Since I won’t be testing Cammie with the leash and harness outside, Tucker is the last of my beasts to brave the outdoors. I know the Trout Towne Tabbies were wondering if he would have his chance, and he has. It did not go well.
Tucker, like the others who have experienced it, had little bother with the harness. It is light and though I have it secure around them, it is not uncomfortably tight. This was not enough, however, to persuade the roly poly to enjoy his time outside. He lasted a little longer than Renn did; he looked about and, for a moment, I thought the interest he briefly exhibited in his surroundings would carry him on. It did not. He crouched, his tail tucked under him, and started crying. I tried to soothe his fears, but he was having none of it, so I brought him back inside.

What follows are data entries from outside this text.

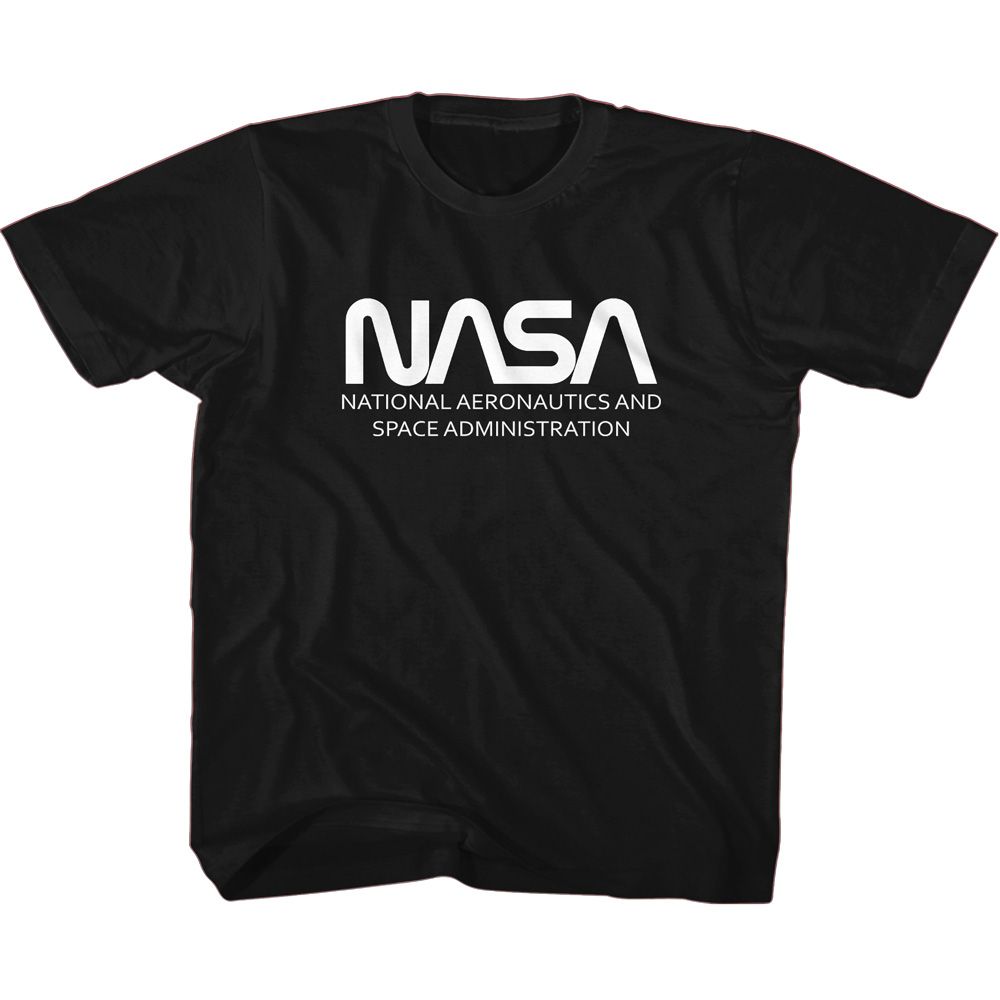 NASA-NASA SIMPLE WORM-BLACK YOUTH S/S TSHIRT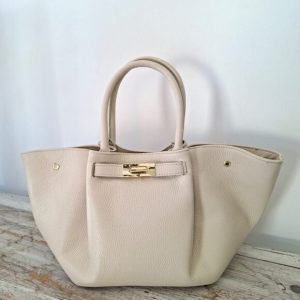 Bolso piel marfil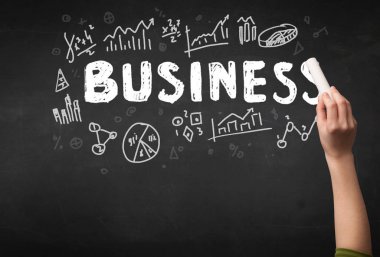 Tahtaya el yazısı işi.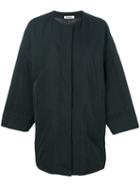 Jil Sander - Down Filled Collarless Coat - Women - Silk/feather Down/polyamide/feather - 36, Black, Silk/feather Down/polyamide/feather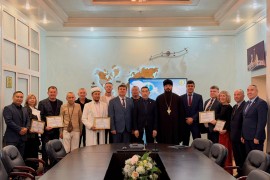 Секретарь Костанайской епархии принял участие в мероприятии, посвященном Дню Духовного согласия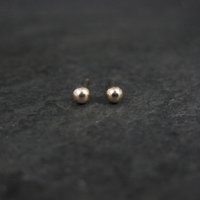 Vintage 3mm Gold Ball Stud Earrings 14K Gold Filled New Old Stock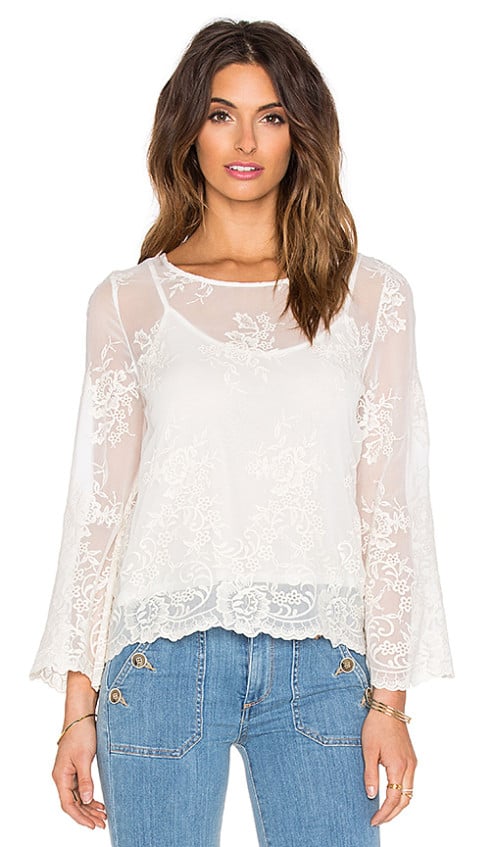 Ella Moss Aimee Lace Top Bell Sleeves Natural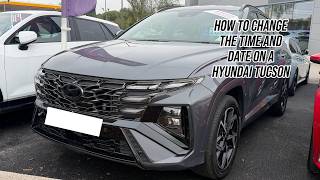 How to Change the Time and Date on a Hyundai Tucson | Clock Settings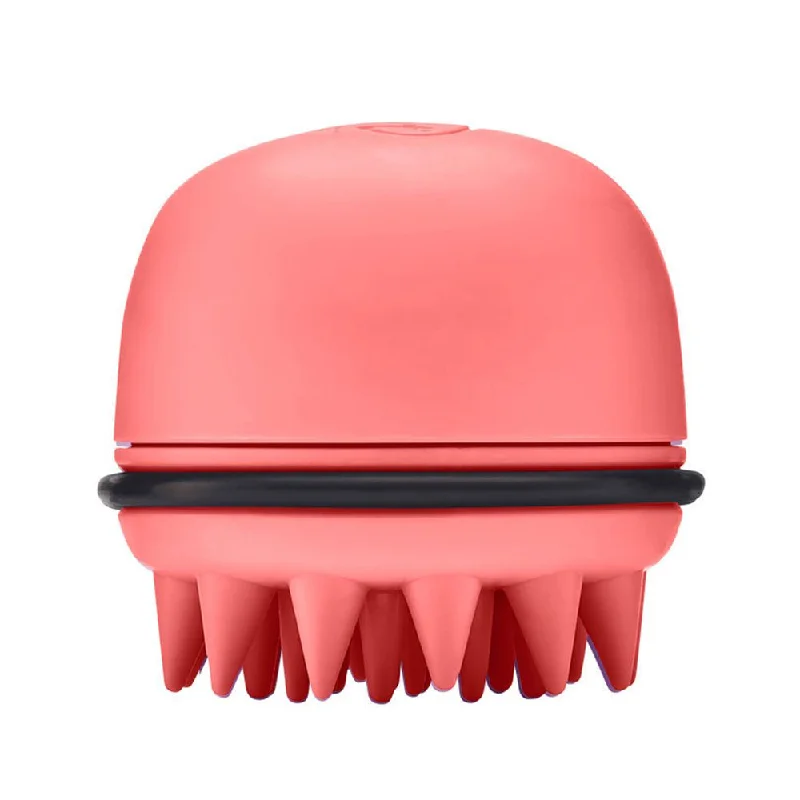 Wet Brush Head Start Exfoliating Scalp Brush Coral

Once safe within the cosy apartment, the roly poly was a happy cat. He purred, scratched at a cat-tree and rubbed against me. He was certainly no worse for the abbreviated span he spent in unfamiliar surroundings. But he made it clear that he was not an outsider-cat, no matter how much he may have looked to be longing to change places with Parker, when he saw the latter walking in the sunshine one day.
Parker remains the only one of my cats who wants to go outside. He loves it; smelling the breezes, trying to eat the grass and sometimes running. The orange boy cries with excitement as we walk along together. As far as Tucker is concerned, though, the whole outdoors can be Parker’s playground. He will remain inside.